_Aim of the exercise_
Would you return exactly the lines below from the line with "What The Meow" through the line with "Braai Baas Electric", both included, and nothing else, leaving out the pictures?

--- Data provided ---

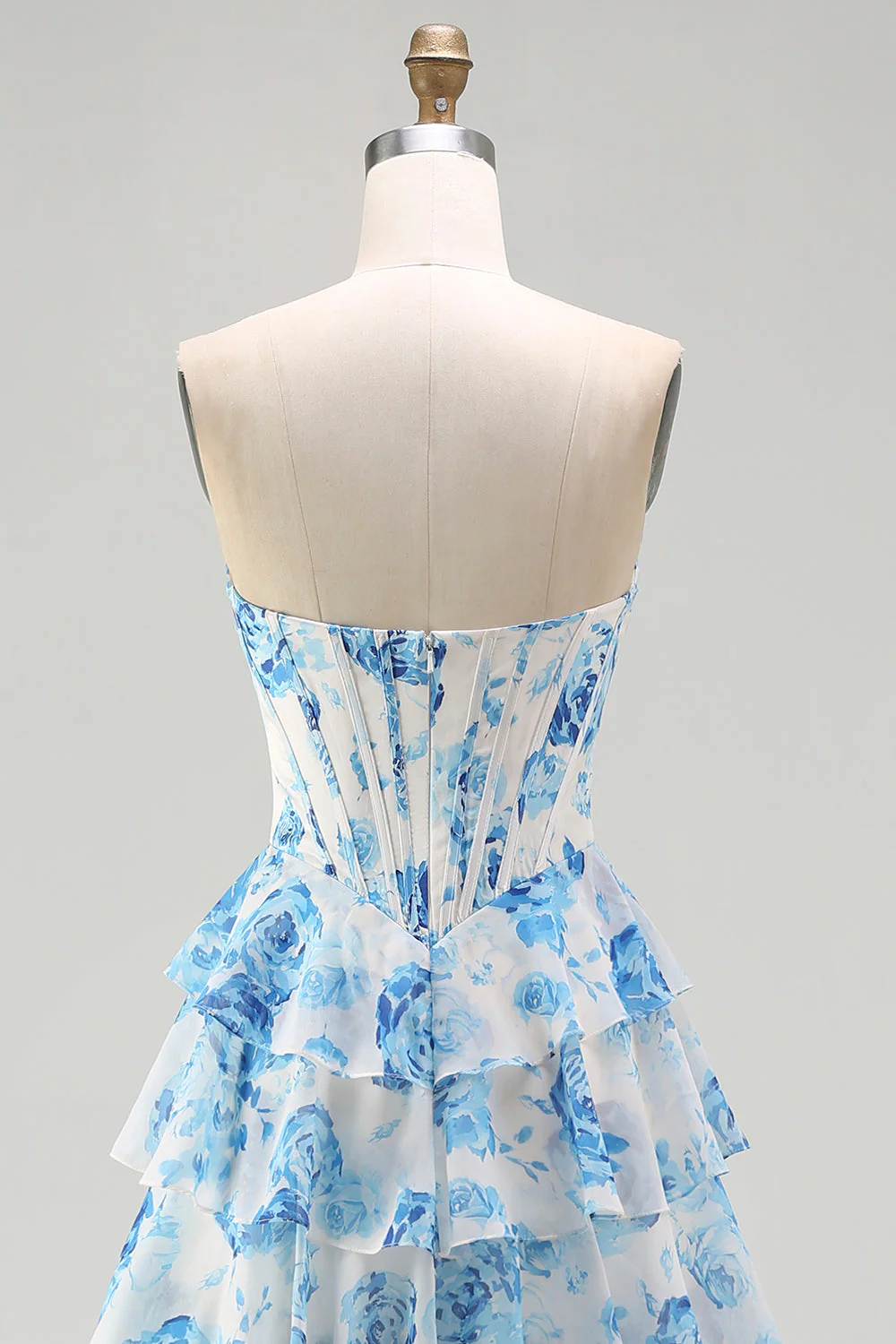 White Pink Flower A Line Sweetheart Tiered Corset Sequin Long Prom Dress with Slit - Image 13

---
--- Data provided ---

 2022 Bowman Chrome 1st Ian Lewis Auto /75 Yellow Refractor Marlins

---
--- Data provided ---

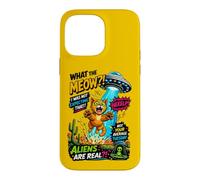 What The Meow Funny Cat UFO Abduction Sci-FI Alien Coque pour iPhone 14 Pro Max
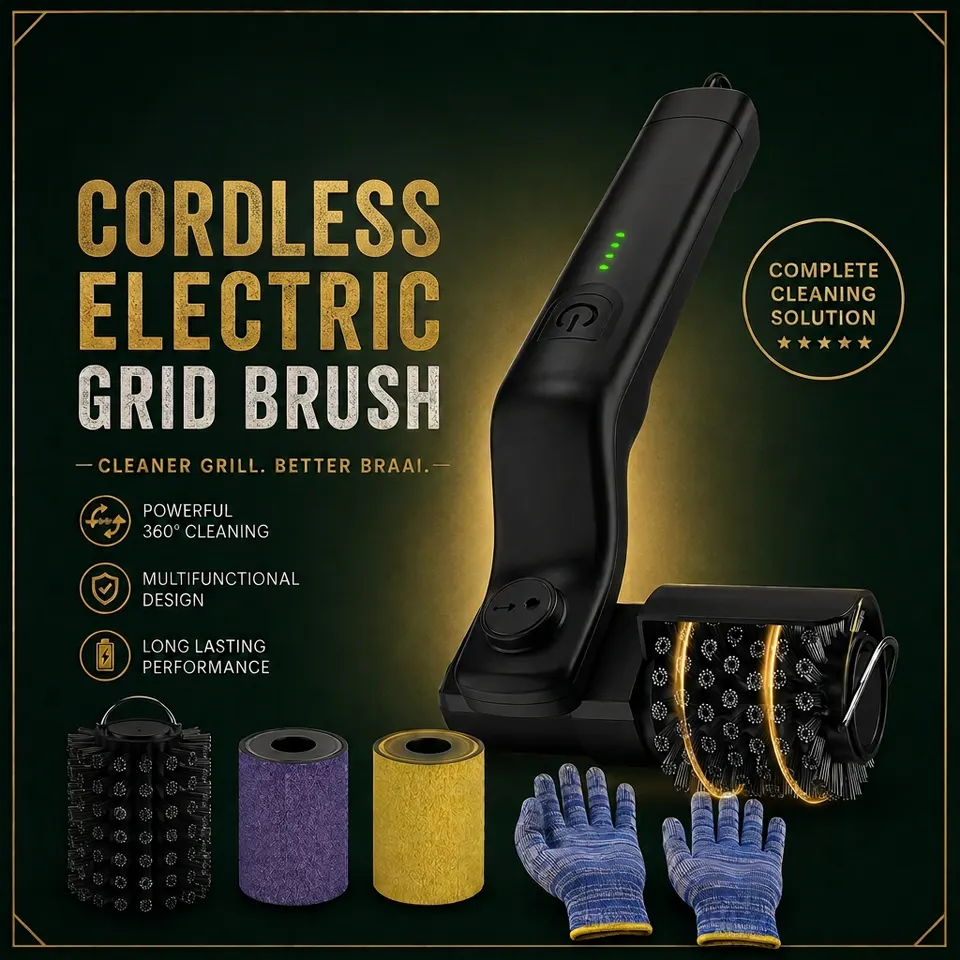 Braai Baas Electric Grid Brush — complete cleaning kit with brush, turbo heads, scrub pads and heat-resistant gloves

---

_Solution below_
 What The Meow Funny Cat UFO Abduction Sci-FI Alien Coque pour iPhone 14 Pro Max
 Braai Baas Electric Grid Brush — complete cleaning kit with brush, turbo heads, scrub pads and heat-resistant gloves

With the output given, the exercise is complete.